E qui possiamo trovare anche la spiegazione del perché Chanukah (come profezia del Messia) è collegata al numero otto e cioè al cubo di due, a quel due che rappresenta la famosa lettera con la quale Dio ha creato il mondo rettificato ed il Messia (il cui numero è sempre l'otto) è la rettificazione dell'universo, cioè viene a mostrare che l'universo è cubico, il che significa che è ordinato, che tutto ha un punto di riferimento e che anche l'entropia può essere superata.

Per concludere con il cerchio e con il cubo è appena il caso di chiarire il valore, sempre relativo, che la Qabalah fa assumere ai concetti. Infatti il cerchio, notoriamente simbolo di perfezione, all'interno del mondo indica chiusura, ripetizione, limite, soffocamento. Analogamente il cubo, o se volete il quadrato, pur se da un certo punto di vista è una restrizione, o limite (si dice che una persona ha una testa quadrata proprio per indicare, con l’idea della squadratura, un limite), da un altro angolo visuale significa mettere a posto gli elementi, trovare ad ognuno un posto ben definito, cosa questa che non appare nel cerchio, dove un punto vale un altro.

La Qabalah aveva scoperto la teoria della relatività molto prima di Einstein.

Tornando a quell'apparente superiorità del quadrato rispetto al cerchio, dobbiamo precisare che questo accade soltanto all'interno della creazione perché, se immaginiamo la Luce Infinita entro cui la creazione stessa galleggia, i ruoli della retta e del cerchio si scambiano e dal punto di vista della Luce infinita quest'ultimo diventa di gran lunga superiore.

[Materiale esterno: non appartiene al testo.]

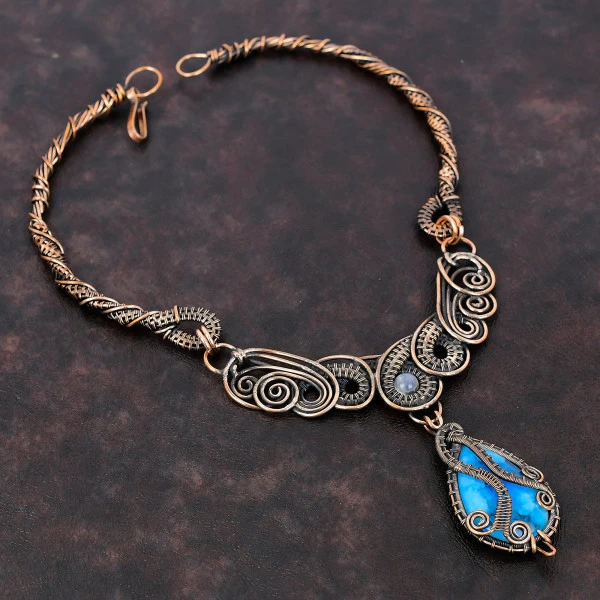 Smithsonite Pear Blue Handmade Copper Wire Wrapped Necklace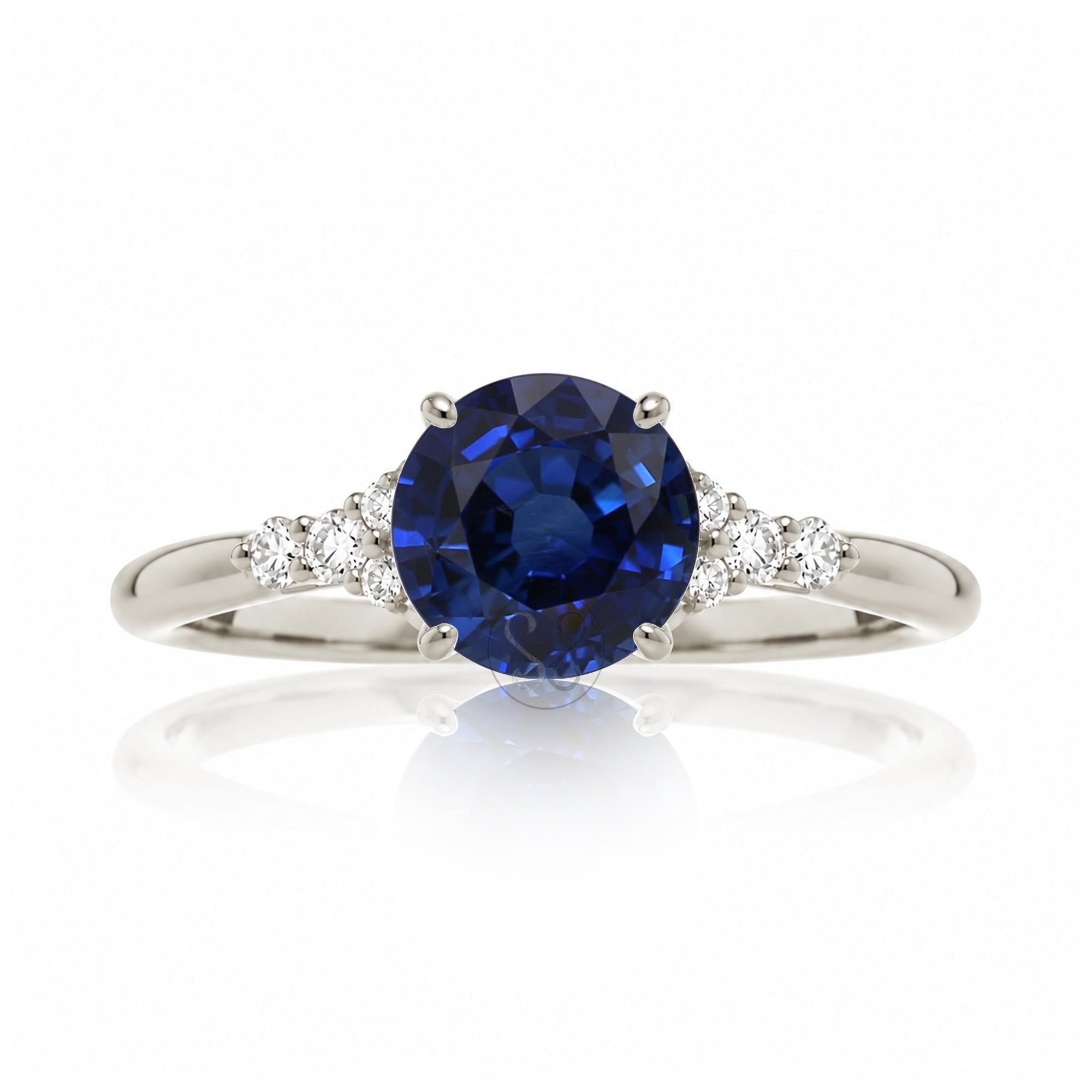 The Chloe Round Cut Blue Sapphire Ring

Lo stesso discorso che c'è tra maschile e femminile. Il maschile è definito come il datore, il femminile come il ricettore, però se, ad esempio, guardiamo il Mondo della Formazione - che è ad un livello intermedio - esso è femminile rispetto al mondo che gli sta sopra ed è maschile di fronte al Mondo dell'Azione che gli sta sotto.